When it first came out, I was disinclined to see Fight Club, imagining that it would be little more than two hours of macho gratuitous violence. I've never had much of a stomach for violent flicks (or for Brad Pitt, for that matter, despite the countless attempts of others to explain his appeal to me). But in Fight Club I was pleasantly surprised. Seduced by the notion of a man who is disenfranchised from his own magazine-style life (a cliche, perhaps), but who chooses unique ways to escape it, joining support groups to cry with strangers just so he can feel something. Edward Norton's character seeks out increasingly dangerous and subversive ways to break out of his monotonous existence and the twist is killer. I'm still not sold on the ending tho. Something else I discovered? Its the psychological aspects of violence, rather than the physical, that get to me. Domination and assertions of superiority, like racial violence or violence against women.

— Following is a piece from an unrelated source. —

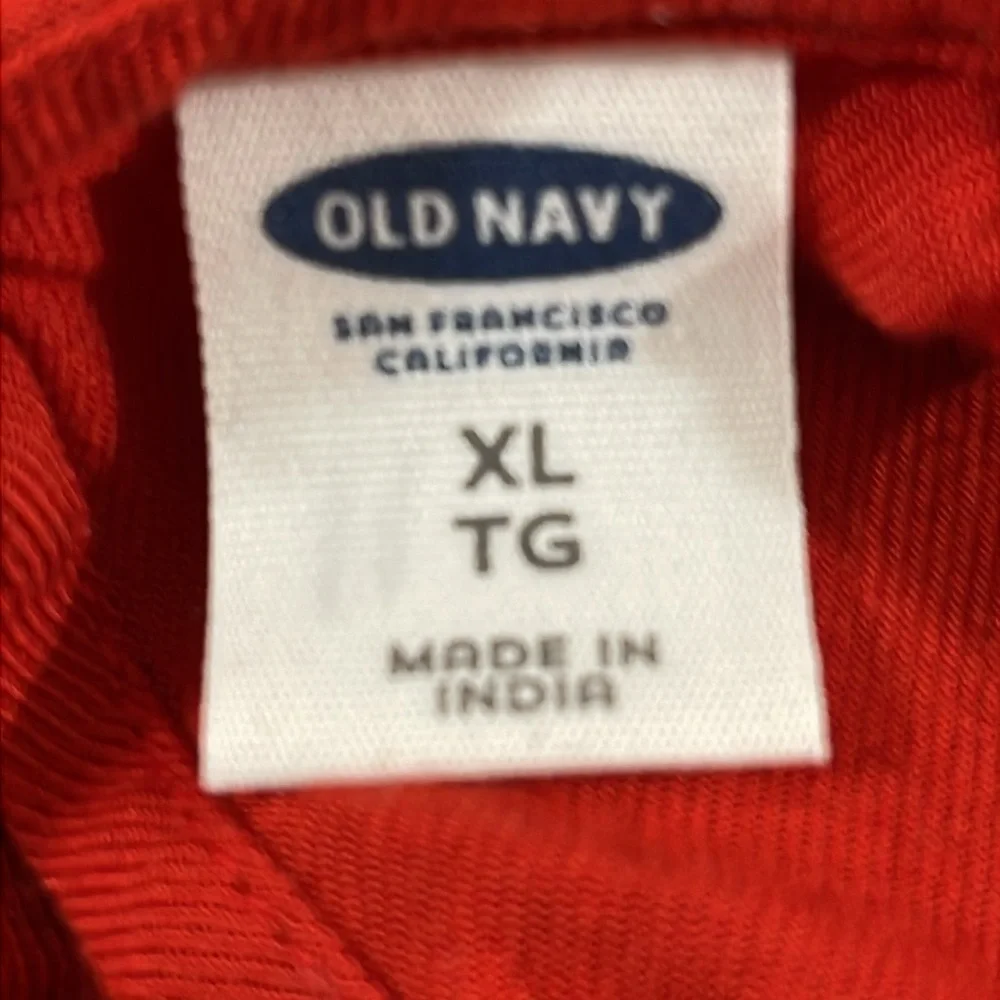 OLD NAVY Black Long Sleeve Embroidered V-neck Romper With Pockets Deep Rose XL - Picture 7 of 9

Like Norton's chilling but brilliant portrayal of a neo-Nazi in American History X. The act of violence which lands his character in jail makes me sick to my stomach, just thinking about it. In Fight Club, tho, the violence was dealt and received by consenting adults. There were rules. It was not about domination, etc. It was about waking up, breaking out. It actually got me thinking -- maybe oddly -- of Garden State; a completely different film but another in which the main character emerges as if from a coma to and wakes up to life -- its pleasure and pain.

Hm. I saw (and loved) Donnie Darko and endured Ashton Kucher in The Butterfly Effect, too. But they'll have to wait for another day. Dusk will fall soon and it will be time for the undead to walk the earth (trans: for me to go to work)...


5 Comments:

Blogger {illyria} said...

ah, FIGHT CLUB. i wish my life was like that movie. mischief, mayhem, soap. yum, really.

Mon Jan 10, 02:28:00 pm 2005  
Blogger Calaloola said...

I wish my life was *symbolically* like that movie, maybe... I dunno if I could handle spitting teeth into the basin while I was brushing each night! But the stuff you can do with soap is cool, for sure... :)

Wed Jan 12, 10:37:00 am 2005  
Blogger {illyria} said...

soap. lather. oooh, bubbles!

Wed Jan 12, 05:12:00 pm 2005  
Blogger Calaloola said...

hehe, that too ;) but this is becoming a dicussion for an earlier post: soap, bubbles, lather... rock stars ;)

Thu Jan 13, 08:30:00 pm 2005  
Blogger {illyria} said...

damn those rock stars. they keep popping up! hehe.